The manual directed people to target supplies (including food, water, and tires) and places that would be most useful to the enemy: transportation and communication facilities, factories, farms, roads, bridges, buildings, and hotels. The manual included a lot of information about how to sabotage all types of engines and machinery. The OSS invented Caccolube, a condom filled with abrasive materials that destroyed an engine after being dropped into its oil intake pipe.

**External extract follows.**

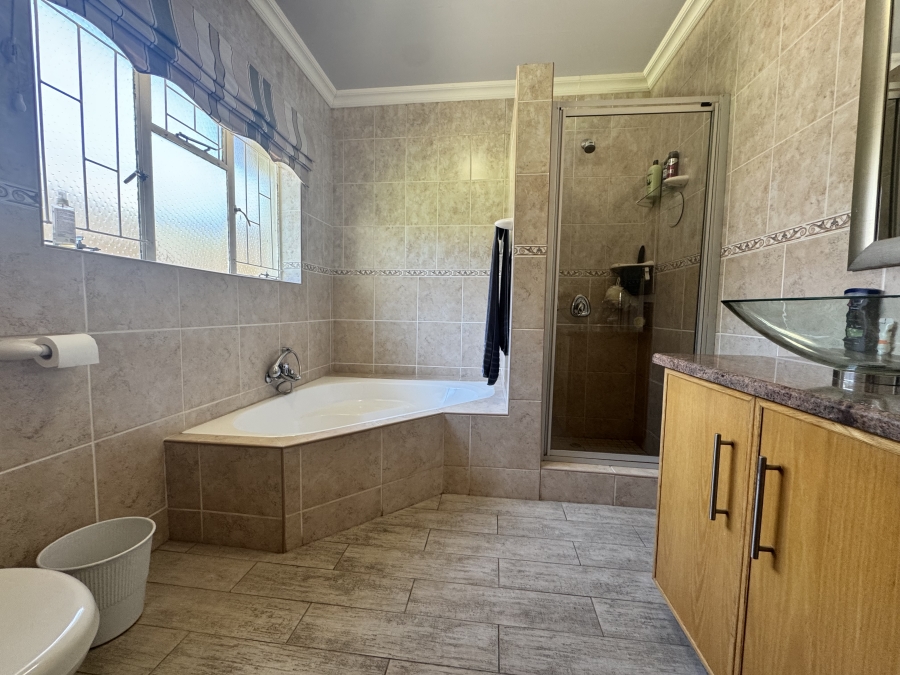 4 Bedroom Property for Sale in Neserhof North West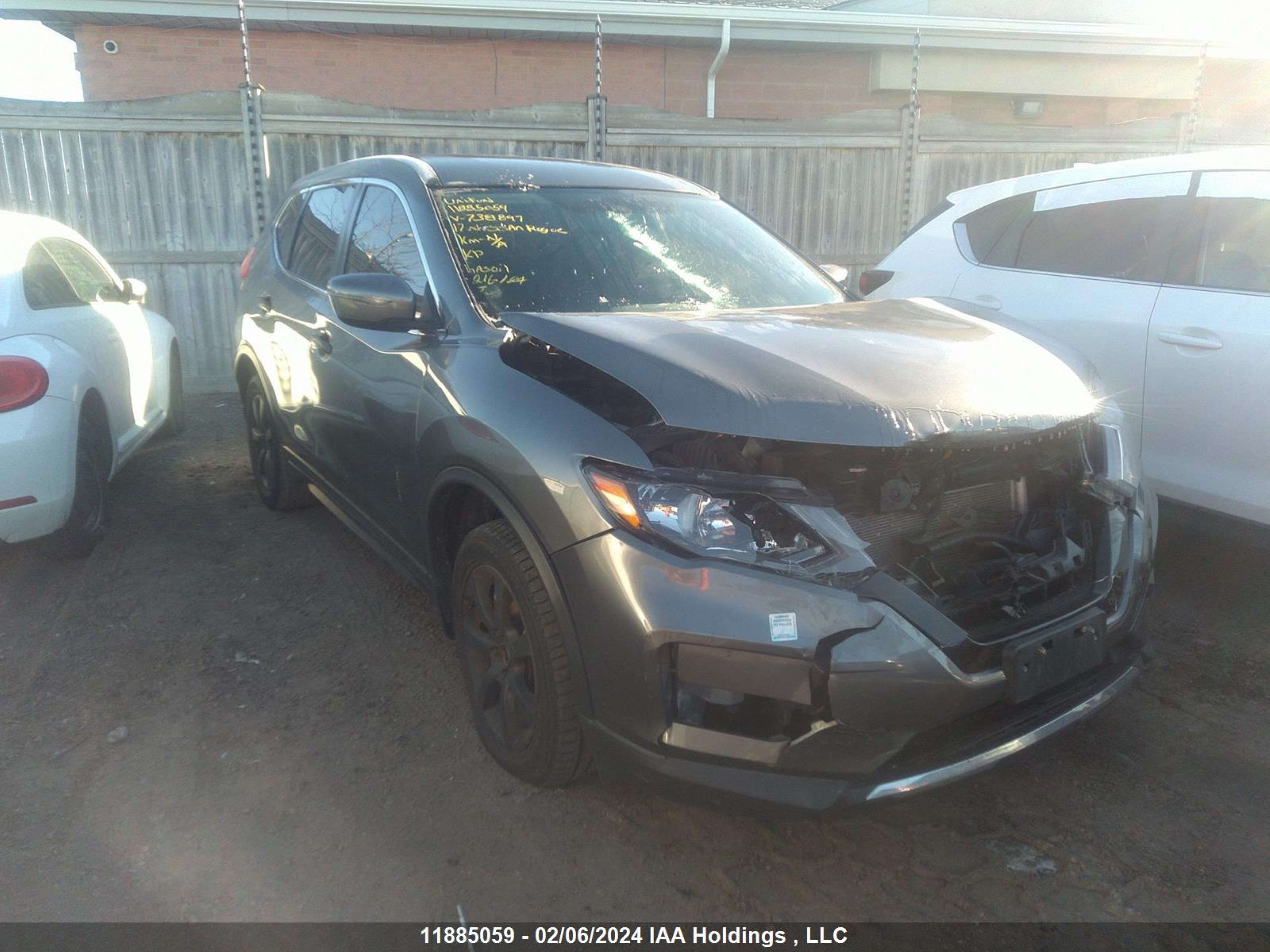 nissan rogue 2017 5n1at2mt0hc738897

It instructed citizens working in transportation to make travel as inconvenient as possible for enemy personnel by making mistakes issuing train tickets; by issuing two tickets for the same seat; by making the food on trains as bad as possible; by announcing station stops very loudly and late at night; by delivering baggage to the wrong stations; and by posting incorrect schedules. It advised railroad engineers to put trains on the wrong tracks and to derail trains by loosening bolts connecting sections of the rails. One of its more ingenious – and humorous – directives was scatological: Do not fill toilets with toilet paper.
In addition to acts of physical sabotage, the manual also included instructions on how to sabotage organizations: “Talk as frequently as possible and at great length. Illustrate your points by long anecdotes and accounts of personal experiences. When possible, refer all matters to committees for further study and consideration. Attempt to make the committees as large as possible. Bring up irrelevant issues as frequently as possible. Haggle over the precise wording of communications, minutes, and resolutions. Refer back to matters decided upon at the last meeting and attempt to re-open the question of the advisability of that decision.”
It recommended managers to “see that important jobs are assigned to inefficient workers; to give inefficient workers undeserved promotions; to hold conferences when there is more important work to be done; and to see that three people have approve everything where one would do.”
Employees were coached to “work slowly; to contrive as many interruptions to your work as you can; do your work poorly … and never pass on your skill and experience to a new or less skillful worker.” Its best advice on how to sabotage an organization? “Act stupid.”
General Donovan would be pleased to know that the manual’s recommendations about how to sabotage military transportation are being implemented by Ukrainians today. It instructed simple saboteurs to “change sign posts at intersections and forks; the enemy will go the wrong way and it may be miles before he discovers his mistakes.”
Although technology has evolved exponentially since the manual’s publication, the fundamentals of simple sabotage remain the same: “It should always consist of acts who results will be detrimental to the materials and manpower of the enemy.”
The OSS Society has translated the OSS Simple Sabotage Manual into Ukrainian. We hope it will contribute to an occupied country’s liberation just as it did during World War II. Glory to Ukraine.